Algebraic data types make it easy to allow one item from a set to be selected: just use an appropriate sum type.
I'm curious how one would implement the option of selecting strictly n items or fewer from a set. I can see how it might be possible to implement this with Data.Set, but I wonder if there's a pattern or an algebraic structure that would be more robust.
Say a burger can have three toppings from the set Pickle | Onion | Lettuce | Tomato etc. It's reasonable to want to display all the options in a UI, so if we use Data.Set, right away I notice that Data.Set.all is missing, so there's no easy way to print all the values that can be selected. But Data.Set.powerSet is available, so I'm thinking maybe I should be getting the user to choose an element of the subset of the power set with cardinality <= 3.
Using an element of the power set to represent a selection from the base set seems like a good idea. It doesn't look much like any UI I can think of, though. The power set functor is a monad, though I'm not sure if this is relevant (See discussion about power set as a functor here Sets, Functors and Eq confusion).

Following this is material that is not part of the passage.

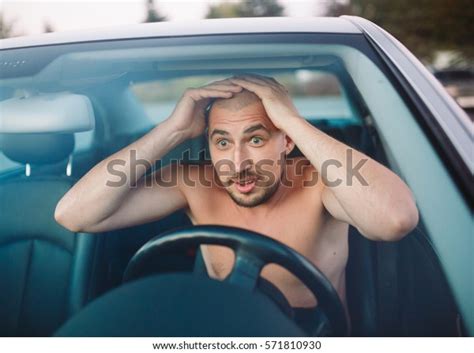 Naked Man In The Car Is In A Traffic Jam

Maybe someone who has solved a similar problem before will have advice on how to best make this work. I'm really looking for conceptual insights into what an "n choose k" type looks like, if that makes sense.

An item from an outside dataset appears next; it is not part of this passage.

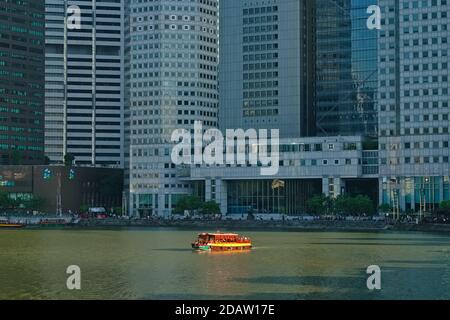 Un'escursione in barca illuminata dal sole sul Fiume Singapore a Singapore e' dwarfed dagli alti edifici del quartiere bancario di Raffles Place, Singapore Foto Stock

Here's an answer, of sorts.
Here are a few extensions and imports needed for the rest of the code below.
{-# LANGUAGE DataKinds #-}
{-# LANGUAGE GADTs #-}
{-# LANGUAGE KindSignatures #-}
{-# LANGUAGE PolyKinds #-}
{-# LANGUAGE ScopedTypeVariables #-}
{-# LANGUAGE StandaloneDeriving #-}
{-# LANGUAGE TypeApplications #-}
{-# LANGUAGE TypeFamilies #-}
{-# LANGUAGE TypeOperators #-}
{-# LANGUAGE UndecidableInstances #-}
import GHC.TypeNats
import Data.Proxy
import Data.Set (Set)
import qualified Data.Set as Set
As you're probably aware, the nice thing about representing a single item as an ADT:
data Topping = Pickle | Onion | Lettuce | Tomato deriving (Show, Eq, Ord, Enum, Bounded)

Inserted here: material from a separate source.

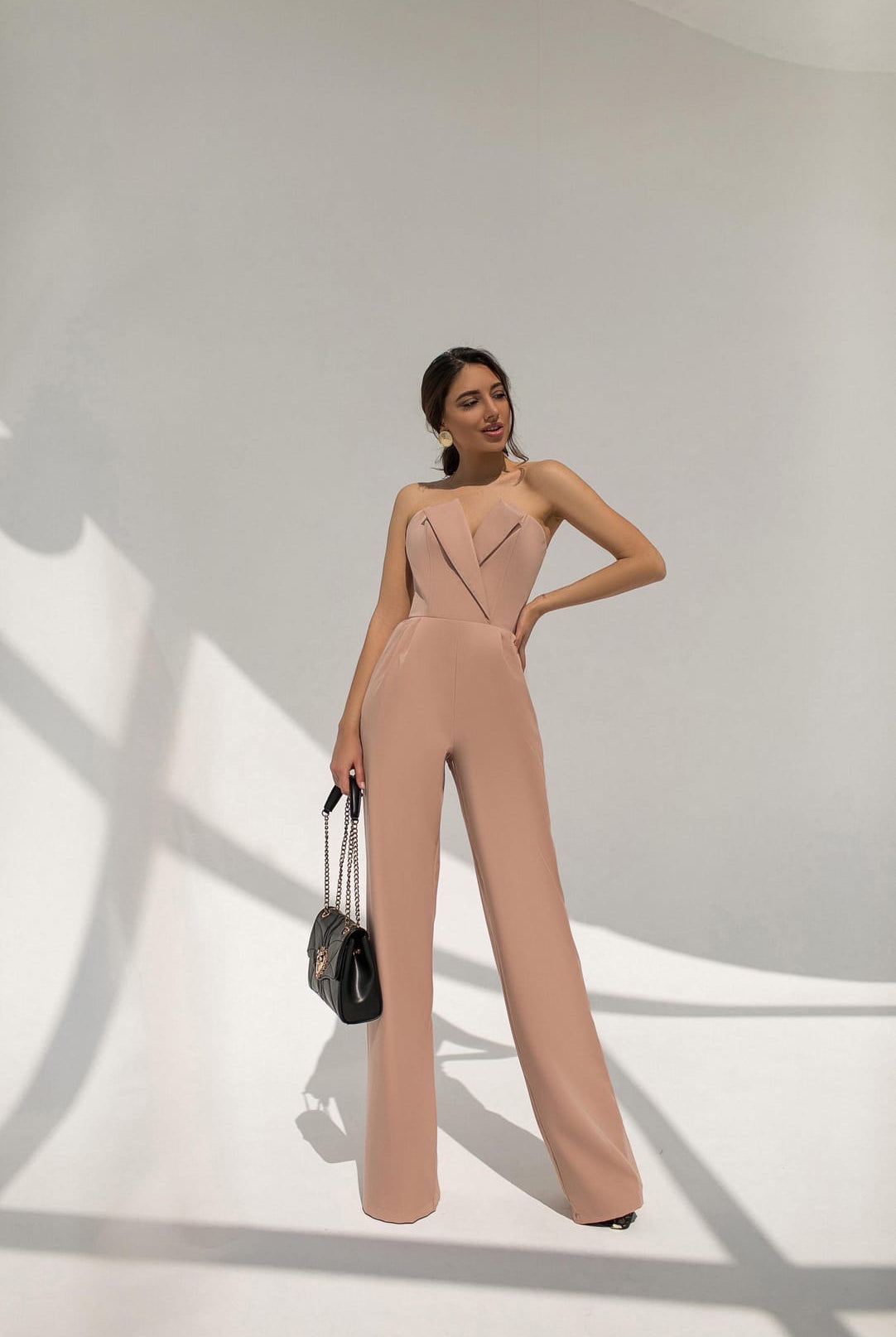 ELAGIA beige v-neck sleeveless jumpsuit styled outfit featuring blue jumpsuit casual-chic summer look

is that the definition of the type makes it impossible to represent anything other than exactly one choice of Topping
, provided we ignore the possibility of having an undefined
value. It's equally easy to represent "up to one choice of Topping
" in this foolproof way, using a Maybe
type:
type UpToOneTopping = Maybe Topping
We can also represent zero or more (including a possibly infinite number of) toppings, with possible duplicates, using a list:
type ManyToppings = [Topping]
However, it's difficult to represent a set of toppings without duplicates this same way. We can use the Set Topping
type, but we're no longer relying on the type system to make sets with duplicates unrepresentable. Instead, we're relying on the implementation of the Set
type in the containers
package, and the restricted interface it provides, to guarantee that the set won't contain any duplicates. If we dug into the guts of the Set
implementation, we'd probably discover that the internal representation can allow sets with duplicates, and we're relying on the correctness of the code written by the Set
author to make sure this can't happen.
In contrast, the Topping
type above makes a stronger guarantee than this, making anything other than a single type unrepresentable by construction. (Well, I guess you could say we're relying on the correctness of the compiler, but it's common to think of this kind of guarantee as "stronger" than one that relies on the correctness of the Set
implementation.)
In a similar vein to the Set
type, it would be possible to use an UpToThree Topping
type to represent a set of zero to three distinct toppings, but the guarantee would be provided by the implementation and its sanctioned interface, not by the data representation itself. That is, we could write:
newtype UpToThree a = UpToThree (Set a)
upToThree :: (Ord a) => [a] -> UpToThree a
upToThree xs | length xs' > 3 = error "no more than three allowed"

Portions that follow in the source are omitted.